Metode Imersi (Immersion Method) yang ditawarkan di sini berangkat dari
pandangan bahwa dalam pelaksanaan kegiatan apresiasi sastra (pembelajaran sastra)
siswa layaknya dibenamkan ke dalam sesuatu atau dibenami sesuatu. Siswa dibenamkan
ke dalam sebuah dunia yang sarat dengan aneka ragam karya sastra ditambah
pengetahuan sastra). Dapat juga dikatakan bahwa siswa dibenami dengan beronggok-
onggok karya sastra (Sumaryadi, 2008).

C. Strategi Pembelajaran
Menurut Wena (2011:5), strategi pembelajaran adalah cara-cara yang berbeda
untuk mencapai hasil pembelajaran yang berbeda di bawah kondisi yang berbeda.

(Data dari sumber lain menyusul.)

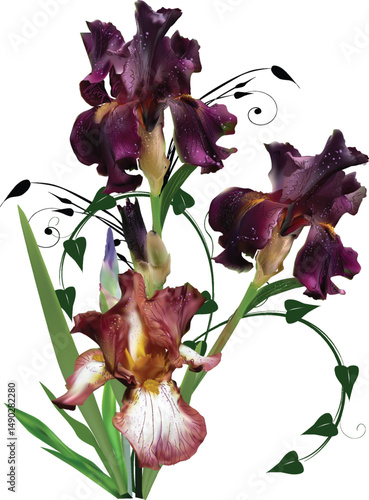 dark purple iris flowers on white background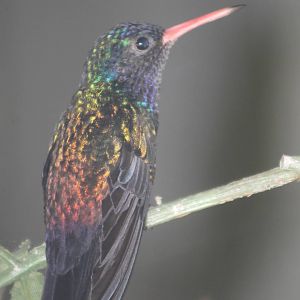 White-chinned sapphire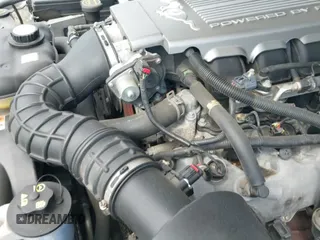 2008 Ford Mustang GT Deluxe with VIN 1ZVHT85H385157895, listed as a IAAI auction lot 42526108 with 39,017 mi miles and . Bid and sale history available at DreamBid. Image 20.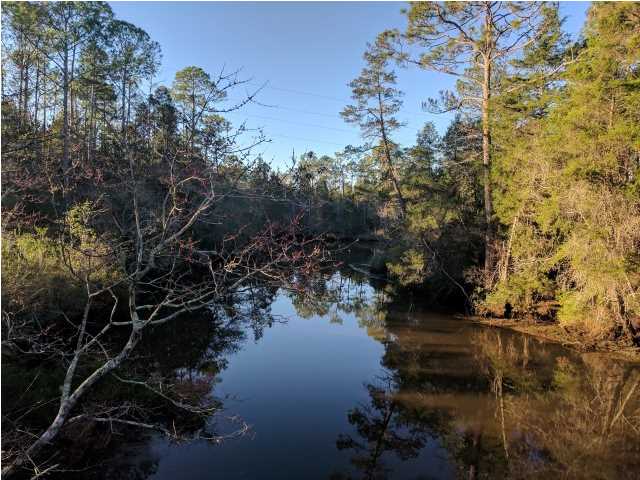 354 Pleasant Rest Road, Unit LOT 7 Wewahitchka, FL 32465 - Photo 1 of 1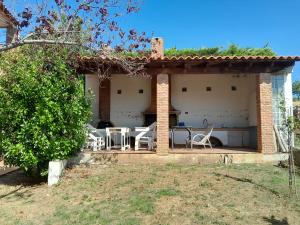 Mulberry Tree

Strategi pembelajaran PAILKEM merupakan salah satu strategi yang dapat
diterapkan dalam kegiatan pembelajaran. PAILKEM merupakan sinonim dari
Pembelajaran Aktif, Inovatif, Lingkungan, Kreatif, Efektif, dan Menarik (Mohamad,
2011:10-16).
1. Pembelajaran yang Aktif – Aktif dalam strategi ini adalah memosisikan guru sebagai
orang yang menciptakan suasana belajar yang kondusif atau sebagai fasilitator dalam
belajar, sementara siswa sebagai peserta belajar yang harus aktif.
2. Pembelajaran yang Inovatif – Inovatif disini, guru tidak saja tergantung dari materi
pembelajaran yang ada pada buku, tetapi dapat mengimplementasikan hal-hal baru
yang menurut guru sangat cocok dan relevan dengan masalah yang sedang dipelajari
siswa.
3. Pembelajaran yang Menggunakan Lingkungan – Konsep pembelajaran ini berangkat
dari belajar kontekstual dengan lebih mengedepankan bahwa hal yang perlu
dipelajari terlebih dahulu oleh siswa adalah apa yang ada pada lingkungannya.
4. Pembelajaran yang Kreatif – Kreatif dimaksudkan agar guru menciptakan kegiatan
belajar yang beragam sehingga memenuhi berbagai tingkat kemampuan siswa.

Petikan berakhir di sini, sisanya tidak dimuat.